Direktur Walhi Lampung, Irfan Tri Musri menyebut dengan lahirnya Pergub yang telah berjalan lebih kurang empat tahun tersebut telah menguntungkan korporasi perkebunan tebu yang ada di Provinsi Lampung.
Selain itu Pergub yang berjalan kala itu mengabaikan hak-hak masyarakat atas lingkungan hidup yang sehat dan berkelanjutan sebagai bagian dari hak asasi manusia.
Baca Juga:
Pergub Lampung Soal Panen Tebu Untungkan Korporasi dan Rugikan Lingkungan
“Terbitnya Peraturan Gubernur tersebut merupakan karpet merah bagi korporasi untuk melakukan pengabaian terhadap hak atas lingkungan hidup dan hak masyarakat,” katanya, Kamis, 23 Mei 2024.
Ia mengeklaim hal tersebut merugikan masyarakat yang terganggu akibat asap yang muncul dari aktivitas pembakaran.

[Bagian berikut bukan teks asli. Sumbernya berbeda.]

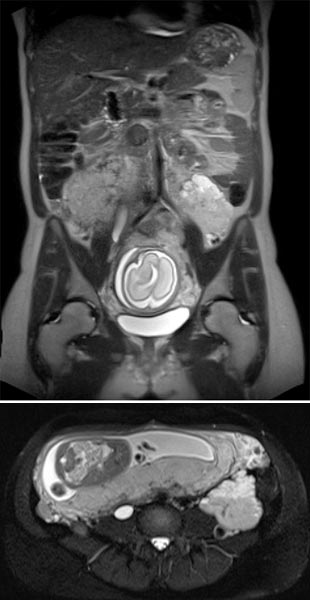 MRT – Venöse Malformation des Abdomens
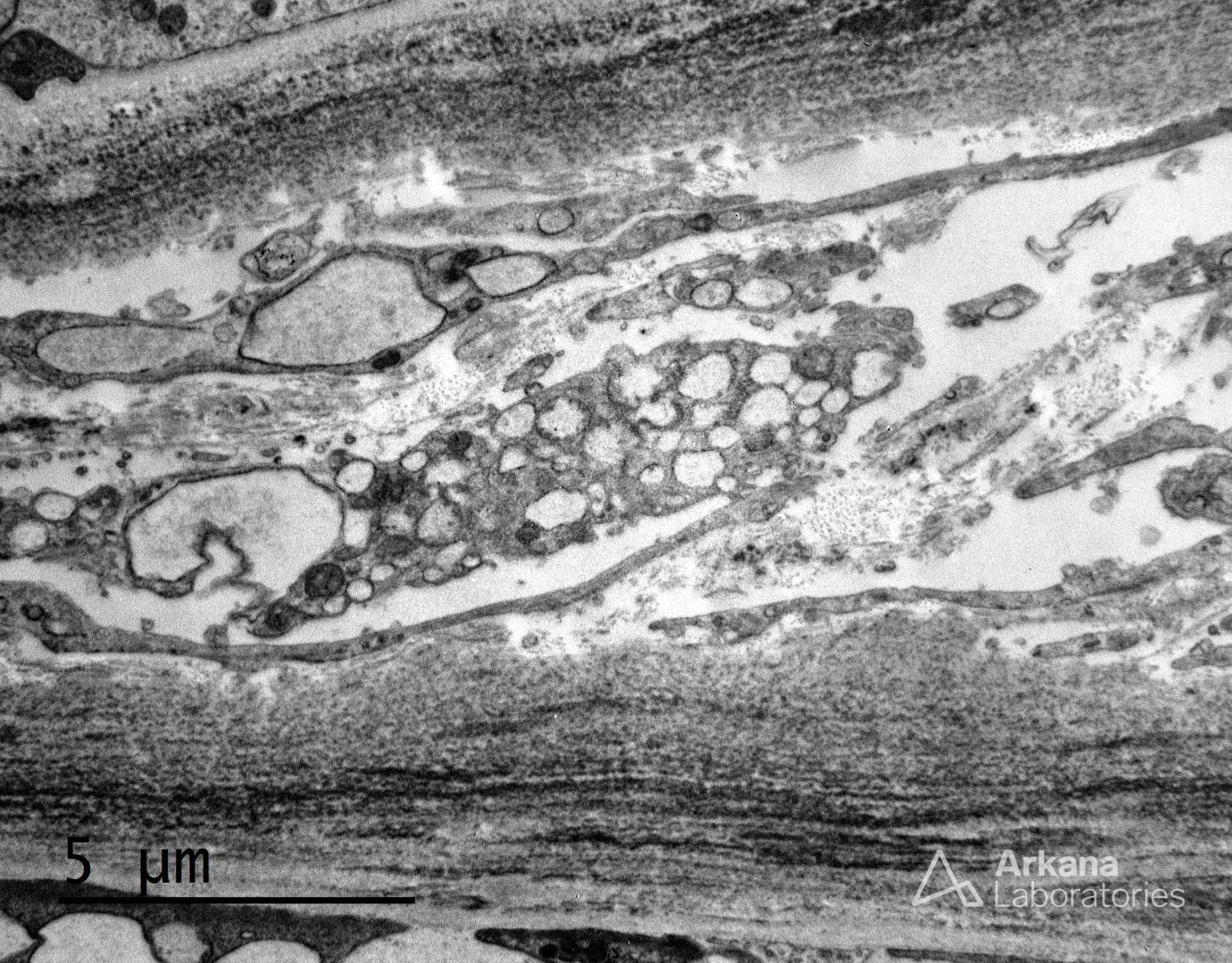 light chain deposition disease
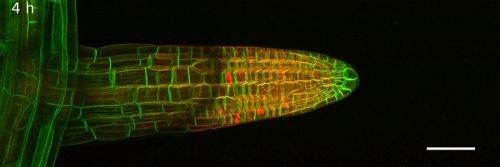 Fluorescence microscopy image of plant root cells showing growth patterns with cell walls highlighted.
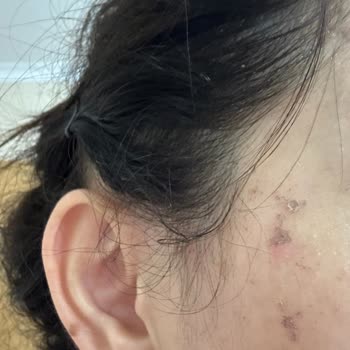 Ceren Serap Beauty’da Kimyasal Yanık Ve Saç Boyası Hatası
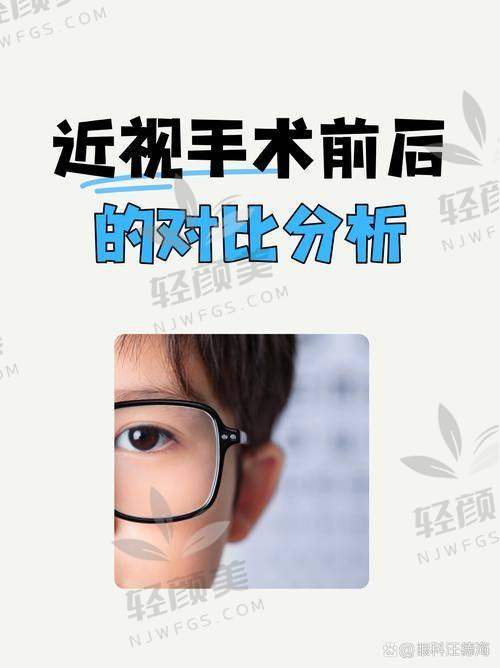 各自是什么原理？不懂激光能量的，咱举个栗子！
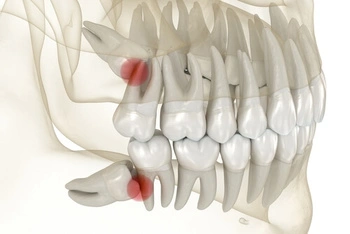 Dental X-ray showing an impacted lower wisdom tooth pushing against the adjacent molar, highlighted with a red spot to indicate problem areas.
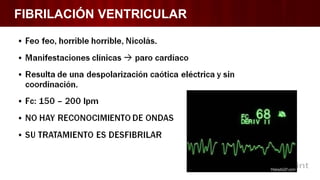 FIBRILACIÓN VENTRICULAR
 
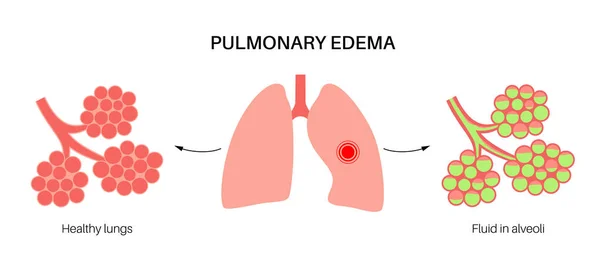 폐부종 해부학 포스터 폐속의 비정상적 인간의 호흡계 에서의 액체로 가슴에 — 스톡 벡터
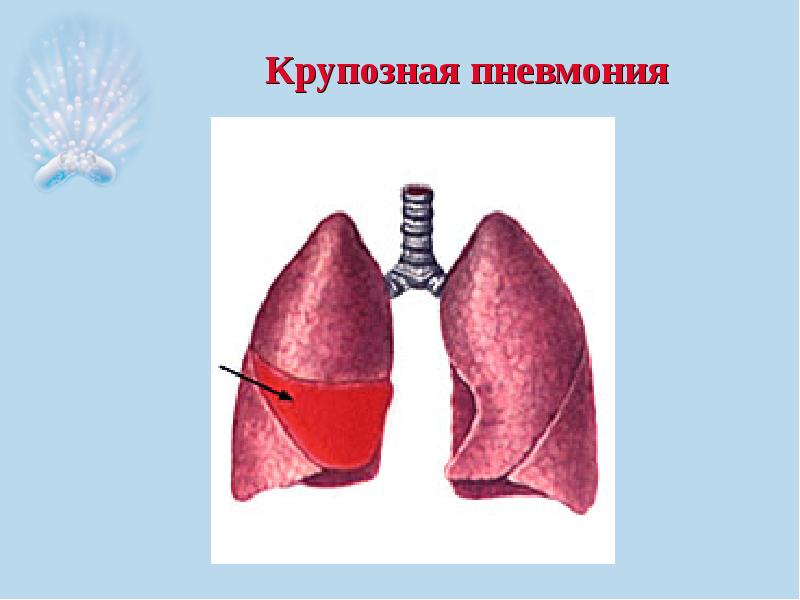 Крупозная пневмония презентация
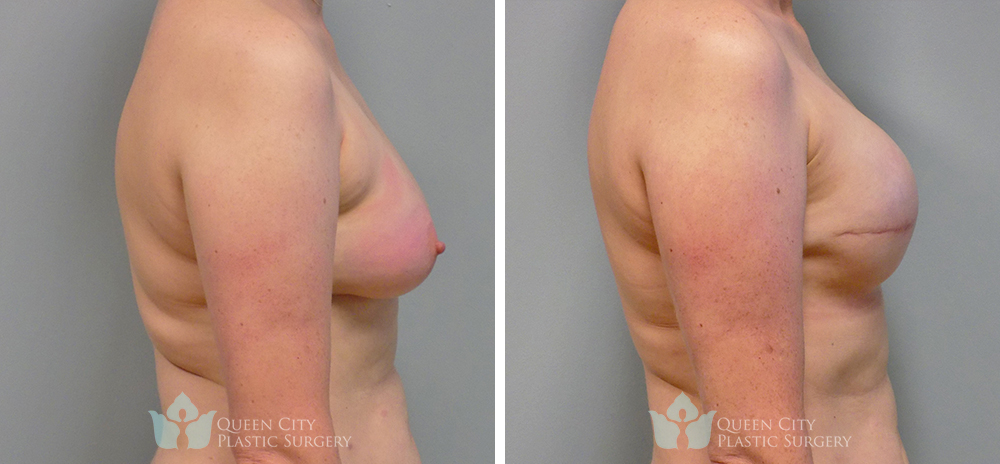 Real Patient of Dr. Enam Haque of Queen City Plastic Surgery in Charlotte, NC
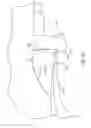 Fig. 23 - Dental matrix and dental matrix system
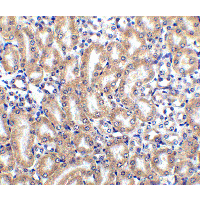 TRAIL-R4 / DCR2 Antibody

Serta adanya debu yang masuk hingga wilayah pemukiman masyarakat.
“Serta pemanenan dengan cara membakar ini juga tentunya akan menambah polusi dan sebaran emisi di Indonesia khususnya Provinsi Lampung,” jelasnya.
Titik Api
Berdasarkan hasil monitoring dan riset meja (desk research) oleh Walhi Lampung pada salah satu group perusahaan perkebunan tebu yaitu PT Sugar Group Company (SGC), PT Sweet Indo Lampung, PT Indo Lampung Perkasa, dan PT Gula Putih Mataram, pada 2024 ini memang belum terdapat fakta aktivitas pemanenan dengan cara membakar.
Namun berdasarkan analisis menggunakan data sebaran titik api/hotspot dari NASA, terdapat jumlah titik api di konsesi SGC pada 2021 sebanyak 57 titik api. Kemudian 2022 sebanyak 38 titik api dan pada 2023 sebanyak 135 titik api dengan tingkat kepercayaan yang beragam.
Tren waktu sebaran titik api tersebut juga beragam. Pada 2021 sebaran titik api mulai dari April hingga Desember. Kemudian pada 2022 sebaran titik api terdapat pada April hingga September dan 2023 terjadi pada Maret hingga November.
“Kami meminta Kementerian Lingkungan Hidup dan Kehutanan (KLHK) untuk dapat melakukan monitoring terhadap semua perusahaan perkebunan tebu di Provinsi Lampung. Apabila masih terdapat aktivitas pemanenan dengan cara membakar, maka KLHK harus berani untuk memberikan sanksi yang tegas baik pidana dan/atau perdata sesuai perundang-undangan,” pungkasnya.